Many New Keynesians point out that there is a class of flexible inflation targeting rules that perform better (from a welfare perspective) than NGDP targeting. This is true. In a previous post I pointed out that I agreed with Woodford’s claim that NGDPLT is not in general the “optimal” policy rule. After reading some comments I realize that I need to amend that post. That’s because I don’t accept the validity of the New Keynesian models that show flexible inflation targeting is superior to NGDPLT, and should not have implied that I did. I view a completely different rule—nominal wage targeting—as being the theoretical ideal.
[My first line was poorly worded--I meant "a class of models with flexible inflation targeting rules that perform better . . .]
I just noticed that George Selgin left a comment that nicely characterizes my objection to new Keynesian monetary models:
I think that Scott and others are granting far too easily the “nominal GDP targeting isn’t optimal but it’s a good pragmatic solution” argument. Having looked closely at Woodford’s work, and at other work in the same vein, I find that somewhere there is always a loss function, not always implicit, that treats fluctuations in P as “bad,” but without supplying any compelling justification for doing so. Instead, there’s some rather transparent hand-waving that amounts to saying that this treatment itself is “not optimal but pragmatically justified” or something like that. (The same, by the way, can be said of Wicksell’s own argument for treating zero inflation as optimal–that is, for equating a policy that achieved it with one that kept interest rates at their “natural” levels. In fact his argument here goes through only if productivity growth is constant, which of course it usually isn’t.)
Of course, it’s almost certainly true that no particular NGDP (or nominal income) target is “optimal.” But it doesn’t follow that it isn’t at least as optimal as the usual alternatives. And there are now a number of studies, DSGE and otherwise, supporting this conclusion.

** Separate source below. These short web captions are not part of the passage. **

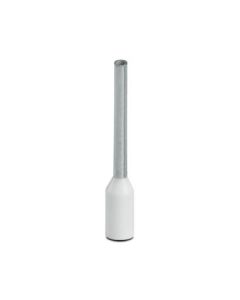 Phoenix Contact 3200506 Ferrule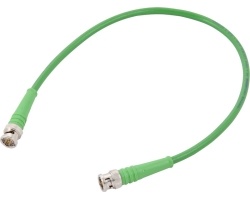 SommerCable Focusline MS 75 Ohms, Hicon BNC cable series
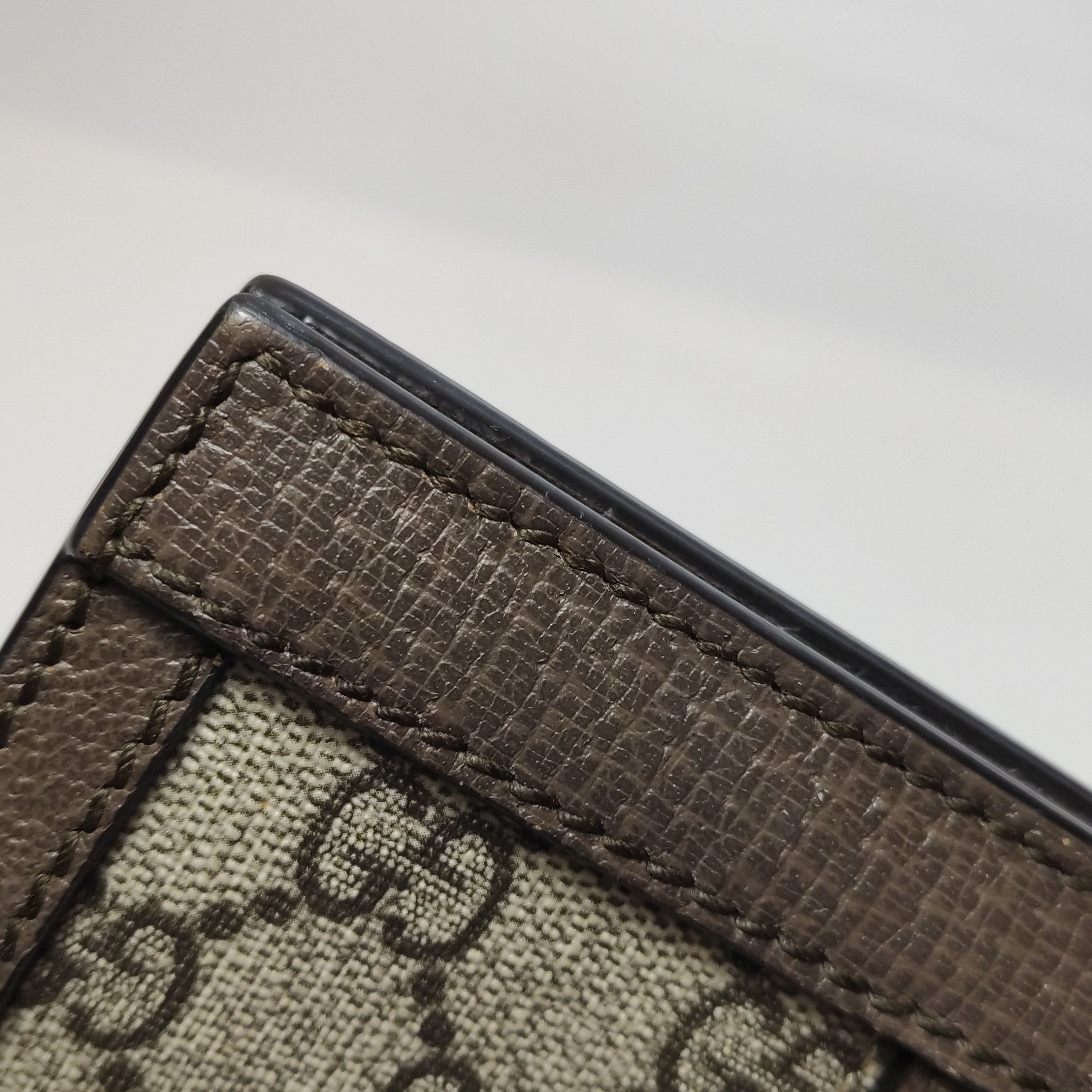 Gucci Gucci Women os Crossbody Bags Size ONE SIZE - 16 Thumbnail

I agree with George 100%. I’ve often argued that the supposed “welfare costs of inflation” are better thought of as the welfare costs of volatile or excessive NGDP growth. This also has implications for the supposed “lack of models” in the market monetarist camp. I believe that I have provided models, but that other economists don’t recognize them because they don’t know what a model is. They think (wrongly) that a model is a bunch of equations. Don’t get me wrong; equations can be useful. I once published a model with equations showing the optimality of wage targeting. Another time I did the same for NGDP futures targeting. But in all truthfulness the equations in those papers merely demonstrated what was already intuitively obvious given the model’s assumptions.
Here’s what a lot of economists don’t realize. We aren’t yet at the stage where mathematical models can show which policy is best. We simply don’t know enough about the welfare costs of inflation. Obviously if you think the CPI is a good proxy for the welfare costs of inflation, then inflation is likely to play a role in your optimal policy rule. And if you think (as George and I do) that NGDP is a better proxy for the welfare costs of inflation then NGDP may play a role in your policy rule. That’s just common sense.
In the 1970s Milton Friedman argued that macroeconomics had advanced beyond Hume in one respect only—we now know how to deal with the first derivative of nominal changes. In the 1920s economists debated macro issues using words, not equations. There’s something to be said for going back to that approach.